__What the task asks__
Beginning with the line that holds "Fabulous Russian lacquer" in the data below, give again every line through the one that holds "Spreading cream cheese", exactly as written.

__Data for review__

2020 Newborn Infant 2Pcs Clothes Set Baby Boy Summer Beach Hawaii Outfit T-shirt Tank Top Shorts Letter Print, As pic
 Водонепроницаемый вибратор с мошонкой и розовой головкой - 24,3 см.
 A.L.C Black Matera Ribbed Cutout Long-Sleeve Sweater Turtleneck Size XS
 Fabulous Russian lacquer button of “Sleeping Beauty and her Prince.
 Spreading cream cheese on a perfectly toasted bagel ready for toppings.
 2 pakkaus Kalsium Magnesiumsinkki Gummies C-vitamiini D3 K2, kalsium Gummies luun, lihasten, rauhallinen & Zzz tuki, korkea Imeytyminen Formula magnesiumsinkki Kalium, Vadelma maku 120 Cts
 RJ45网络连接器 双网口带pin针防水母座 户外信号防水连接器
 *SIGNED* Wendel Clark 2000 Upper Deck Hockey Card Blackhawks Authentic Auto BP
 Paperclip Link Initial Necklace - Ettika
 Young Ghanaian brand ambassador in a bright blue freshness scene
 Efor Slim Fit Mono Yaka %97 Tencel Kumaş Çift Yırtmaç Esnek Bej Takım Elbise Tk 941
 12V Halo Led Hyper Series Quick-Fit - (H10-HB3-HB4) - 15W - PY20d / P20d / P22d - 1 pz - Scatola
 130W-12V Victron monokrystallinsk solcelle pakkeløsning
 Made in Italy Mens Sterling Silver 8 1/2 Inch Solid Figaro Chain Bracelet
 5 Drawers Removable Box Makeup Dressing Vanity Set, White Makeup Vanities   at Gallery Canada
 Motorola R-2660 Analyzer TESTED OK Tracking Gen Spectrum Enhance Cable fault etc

__Your response__
 Fabulous Russian lacquer button of “Sleeping Beauty and her Prince.
 Spreading cream cheese on a perfectly toasted bagel ready for toppings.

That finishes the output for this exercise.